La parte più spettacolare è stata certamente quella intitolata
«Soldati» (vedi
testo), anche se forse è quella che più ha risentito
della riduzione dei ranghi. Ma se è vero che banda e coro hanno
avuto solo una giornata a disposizione per le prove, bisogna dire
che sono stati eccezionali. Musica, orchestra, coro e testi hanno
davvero emozionato il pubblico, tanto che l'autore dei testi
Fabrizio da Trieste si è proprio commosso al sentire applausi tanto
calorosi. Anche i suoi testi sono tuttora reperibili in pagine di
storia. Merita leggerli, ma se ci auguriamo che ne esca una
produzione musicale in CD, perché se lo merita davvero.

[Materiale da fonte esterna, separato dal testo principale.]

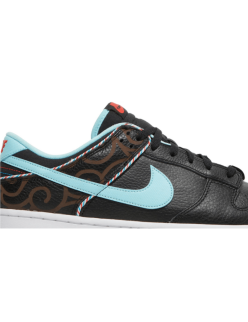 Men’s Nike Dunk Low Retro SE ‘Black/Copa-White-Chile Red’ (Black Barbershop) plus qu'un jeu 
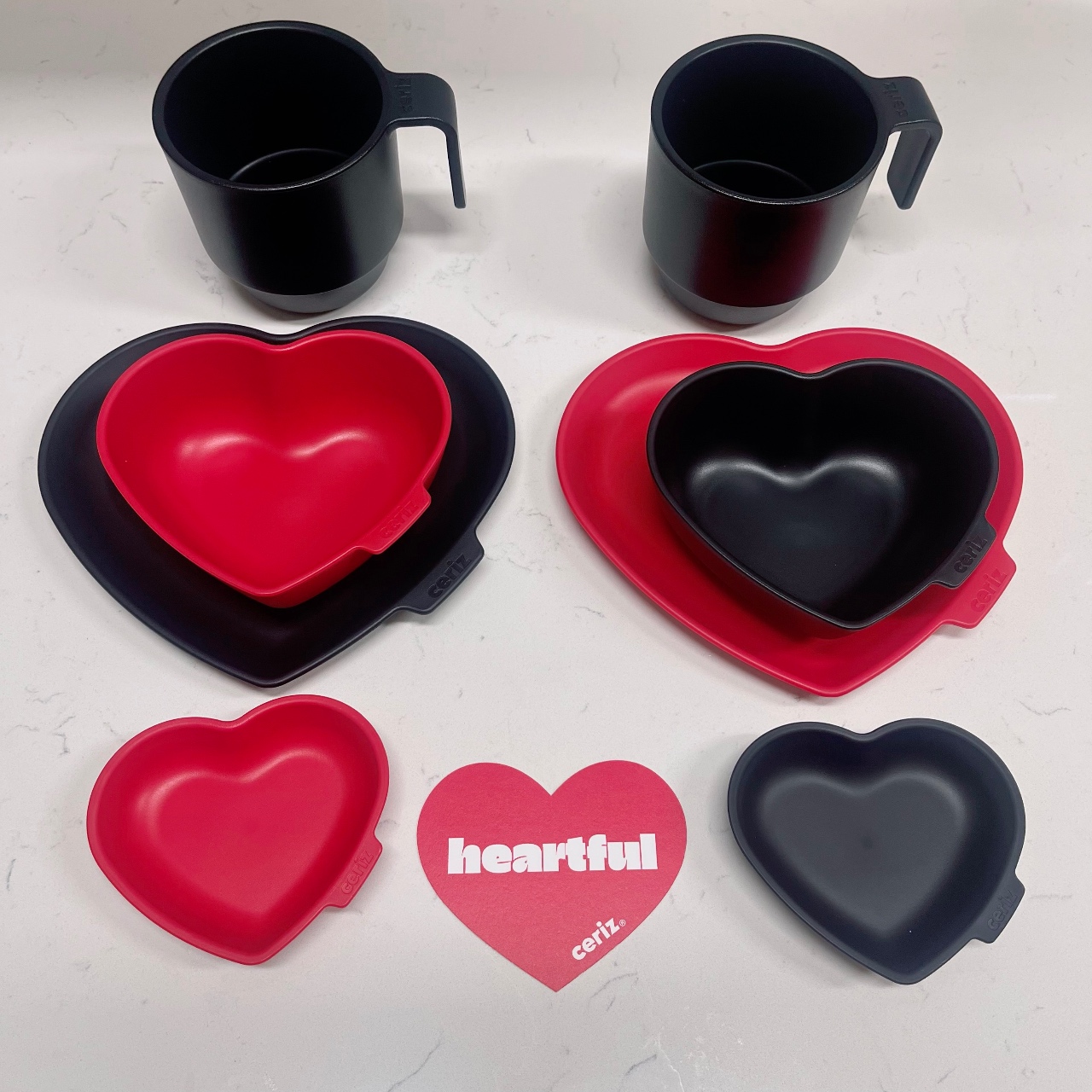 새로 산 컵과 그릇 자랑🖤❤️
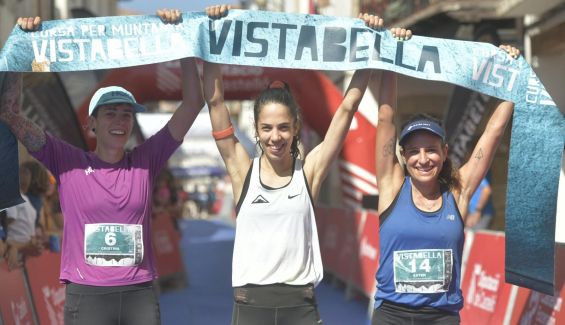 Podio absoluto femenino Cursa per Muntanya Vistabella Podio absoluto femenino Cursa per Muntanya Vistabella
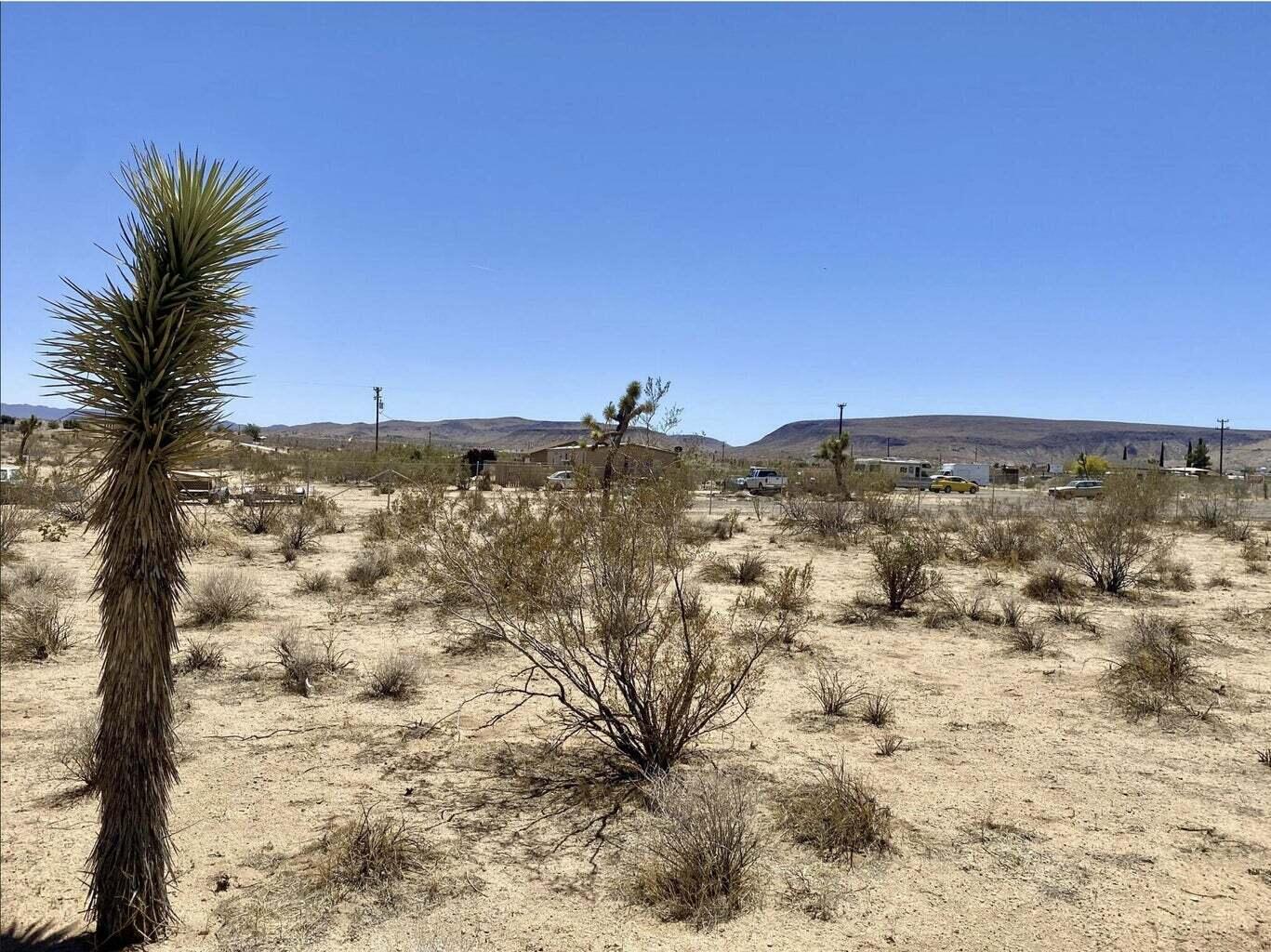 205 Old Woman Springs Road Yucca Valley, CA 92284 - Photo 22 of 33 a view of sky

Anche il pezzo «Men of peace» è stato molto bello, forse il più
intonato allo spirito della serata, perché ha riproposto vari pezzi
militari e classici opportunamente mescolati lasciando trasparire
brani dell'Inno alla Gioia, il movimento della Nona di Beethoven
che è stato scelto come inno di quell'Europa che non sarà mai più
in guerra.
Commovente il silenzio fuori ordinanza, anche per chi non ha fatto
il servizio militare. Profonda la versione arrangiata dell'Inno di
Mameli.
Vanno comunque fatti un paio di appunti.
Il primo riguarda la Leggenda del Piave. Ovviamente chi scrive si
attendeva la versione originale, ma è stata ugualmente piacevole
perché arrangiata molto bene. Ma chi si era domandato se la banda
avrebbe suonato solo le prime tre strofe o anche la quarta (tolta
in un secondo momento) è rimasto deluso, perché ne ha potute
ascoltare solo due. Inoltre, ci ha meravigliato la gaffe di Alberto
Tafner, che presentandola ha precisato inopportunamente che «non
era mai stata eseguita durante la guerra». Non è vero; è nata con
la prima battaglia del Piave e nel corso della seconda battaglia
era diventata la canzone che dava ai nostri ragazzi (non solo
quelli al fronte) la consapevolezza che adesso c'era davvero
qualcosa per cui valeva la pena uccidere o essere uccisi. Invitiamo
i nostri lettori a leggere il pezzo che abbiamo scritto al 90°
della battaglia del Piave, dedicando un apposito servizio sulla
«Leggenda del
Piave» e al suo autore E.A.Mario, così si possono fare un'idea
precisa di come fossero andate le cose.
Il secondo riguarda «Monte Canino», interpretata dal Coro della
Sosat. Ci domandiamo ancora una volta perché non sia stata eseguita
l'ultima strofa: «Non più lenzuola, coperte cuscini/ Non più il
sapore dei caldi tuoi baci/ Solo si sentono gli uccelli rapaci/
nella tormenta e il rombo del cannon».